Aaron Gutiérrez Cortes wants to improve Tijuana, so he’s doing it one small project at a time.
The Tijuana-based architect, and his firm Amorphica, works on tiny (but profoundly helpful) tweaks to the city’s patchwork infrastructure, such as improving decaying sets of public stairs, creating new materials to build homes from readily available recycled local materials and improving public medians on busy streets, reports the L.A. Times. I previously wrote about a project of Amorphica’s here.
• A scheduled, temporary pipeline shutoff will leave more than half a million residents of Tijuana and Rosarito without water for two to five days this week. The shutdown is necessary because a 30-year-old, 510-foot section of pipe has sprung a leak. (San Diego Union-Tribune)
Fighting for Hugs
Families in Ciudad Juárez and El Paso separated by the international border got to meet in the middle of the Rio Grande last week for supervised meetings — and hugs, reports Fronteras Desk. The event, which was organized by border and human rights activists, was similar to the annual Children’s Day event at Friendship Park, in which families (who have been vetted beforehand) meet at a door in the border wall for short, supervised visits with family members that they have not seen for years, or in some cases, decades.
Members of Friends of Friendship Park have begun the Let Them Hug campaign, in order to allow people to embrace loved ones who are currently separated by an international border. Currently (except on Children’s Day) individuals and families can go up to the fence at Friendship Park during set times and speak to one another through closely woven chicken wire that allows “pinky kisses” — the touch of fingertips through the wall’s holes.
A Grim Week in Crime
• A bloody fortnight in Tijuana has brought the death toll so far this year to 508. (Zeta Tijuana; link in Spanish)
• A toddler found dead in the bag of two Americans trying to cross into Mexico through San Ysidro was drowned, according to authorities. The body of the little girl — who was not the child of either — also showed signs of dehydration and malnourishment. Johnny Lewis Hartley, 39, and 43-year-old Mercy Maria Becerra, both of Whittier, were arraigned in downtown San Diego last week. (NBC San Diego)
More Border News
• The U.S.-Mexico border has been the topic of art as long as it has existed, but two artists, Tijuana’s Marcos Ramirez — also known as ERRE — and Tucson-based photographer David Taylor, did a survey of the international border, placing monuments along the way. Not the current one; the border that existed in 1821, through Oregon to Texas. They took photographs along the way. The ensuing show, “DeLIMITations: A Survey of the 1821 United States-Mexico Border,” can be seen through Nov. 27th at the Museum of Contemporary Art, San Diego. (KCET)
• The new archbishop of Tijuana, Francisco Moreno Barrón, visited the international border last Thursday, leaned against the fence, and said: “Necesitamos construir más puentes y derribar muros” or, “We need to build more bridges and topple walls.” (La Cronica de Hoy; link in Spanish)

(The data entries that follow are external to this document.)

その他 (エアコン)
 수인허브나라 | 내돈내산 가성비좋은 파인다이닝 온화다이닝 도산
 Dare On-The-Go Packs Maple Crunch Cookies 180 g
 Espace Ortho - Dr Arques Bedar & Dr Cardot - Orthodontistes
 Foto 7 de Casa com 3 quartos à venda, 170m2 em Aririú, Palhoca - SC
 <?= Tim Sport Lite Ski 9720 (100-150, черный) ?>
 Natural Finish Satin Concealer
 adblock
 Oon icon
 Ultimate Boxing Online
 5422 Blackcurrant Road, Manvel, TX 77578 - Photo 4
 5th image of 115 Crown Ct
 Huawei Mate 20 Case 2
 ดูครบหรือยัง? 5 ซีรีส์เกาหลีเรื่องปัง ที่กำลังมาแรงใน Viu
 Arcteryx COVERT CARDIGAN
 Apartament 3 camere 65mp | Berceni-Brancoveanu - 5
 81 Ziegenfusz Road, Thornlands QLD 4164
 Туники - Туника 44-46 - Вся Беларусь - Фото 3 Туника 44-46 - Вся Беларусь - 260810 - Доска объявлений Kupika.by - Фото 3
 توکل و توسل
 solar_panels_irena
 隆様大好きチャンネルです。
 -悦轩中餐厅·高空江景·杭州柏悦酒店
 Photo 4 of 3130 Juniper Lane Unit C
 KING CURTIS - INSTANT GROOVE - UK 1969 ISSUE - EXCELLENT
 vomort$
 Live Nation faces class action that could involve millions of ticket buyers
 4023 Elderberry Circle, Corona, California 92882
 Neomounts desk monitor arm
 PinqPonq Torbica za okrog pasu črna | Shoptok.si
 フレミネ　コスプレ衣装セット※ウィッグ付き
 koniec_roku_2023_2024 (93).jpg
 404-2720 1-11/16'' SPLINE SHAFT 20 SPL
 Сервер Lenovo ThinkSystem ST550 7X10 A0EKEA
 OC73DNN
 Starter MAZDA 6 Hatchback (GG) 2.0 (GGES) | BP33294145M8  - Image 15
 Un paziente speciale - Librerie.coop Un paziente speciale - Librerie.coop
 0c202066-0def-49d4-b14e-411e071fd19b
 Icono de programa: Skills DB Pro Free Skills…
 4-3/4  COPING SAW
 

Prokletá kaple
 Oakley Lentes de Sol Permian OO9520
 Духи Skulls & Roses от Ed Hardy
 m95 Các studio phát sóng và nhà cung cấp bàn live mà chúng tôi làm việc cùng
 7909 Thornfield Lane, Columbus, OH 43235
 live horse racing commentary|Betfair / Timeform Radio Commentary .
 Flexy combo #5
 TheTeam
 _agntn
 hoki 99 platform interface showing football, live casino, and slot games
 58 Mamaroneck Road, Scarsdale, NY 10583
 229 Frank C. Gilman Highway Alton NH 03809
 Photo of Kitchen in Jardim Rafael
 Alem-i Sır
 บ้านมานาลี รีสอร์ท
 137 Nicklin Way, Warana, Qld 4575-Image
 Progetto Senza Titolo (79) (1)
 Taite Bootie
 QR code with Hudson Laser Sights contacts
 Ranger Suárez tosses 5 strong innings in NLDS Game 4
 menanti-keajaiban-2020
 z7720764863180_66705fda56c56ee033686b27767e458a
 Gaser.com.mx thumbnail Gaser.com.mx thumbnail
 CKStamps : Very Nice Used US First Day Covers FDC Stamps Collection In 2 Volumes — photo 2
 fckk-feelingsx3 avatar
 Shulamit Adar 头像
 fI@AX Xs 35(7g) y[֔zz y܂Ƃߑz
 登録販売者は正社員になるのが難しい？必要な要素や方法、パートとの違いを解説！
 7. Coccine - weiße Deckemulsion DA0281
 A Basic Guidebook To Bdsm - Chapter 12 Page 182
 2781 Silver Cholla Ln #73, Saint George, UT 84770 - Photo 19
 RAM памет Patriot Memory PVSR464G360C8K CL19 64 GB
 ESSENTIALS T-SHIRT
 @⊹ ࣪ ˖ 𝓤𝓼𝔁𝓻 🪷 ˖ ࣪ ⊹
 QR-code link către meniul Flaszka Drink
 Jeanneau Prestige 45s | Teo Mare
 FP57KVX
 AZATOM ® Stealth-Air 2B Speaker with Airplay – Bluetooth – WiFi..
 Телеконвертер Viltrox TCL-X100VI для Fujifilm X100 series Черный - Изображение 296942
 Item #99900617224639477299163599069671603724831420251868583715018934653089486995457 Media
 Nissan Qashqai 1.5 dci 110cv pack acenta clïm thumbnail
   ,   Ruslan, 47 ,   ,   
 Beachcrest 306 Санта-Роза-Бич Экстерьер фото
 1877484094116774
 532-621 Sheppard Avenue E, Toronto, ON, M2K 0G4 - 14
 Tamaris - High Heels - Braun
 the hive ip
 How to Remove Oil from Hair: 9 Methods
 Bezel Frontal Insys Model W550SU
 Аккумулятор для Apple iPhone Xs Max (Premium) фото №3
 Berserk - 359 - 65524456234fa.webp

• In other Catholic news, Mother Teresa will be formally canonized by Pope Francis on Sept. 4 in Rome, nearly 20 years after her death. The Catholic Church requires someone to gather evidence of miracles and make a case for sainthood. The person who is gathering that evidence, is the Reverend Brian Kolodiejchuk a priest originally from Canada. He’s a member of the religious order she founded, and is part of the Missionaries of Charity House in Tijuana. (New York Times)
• And yet another publication has discovered Mexico’s “burgeoning” wine region (which has, as I’ve said before, been around since the early 1800s). (Bloomberg)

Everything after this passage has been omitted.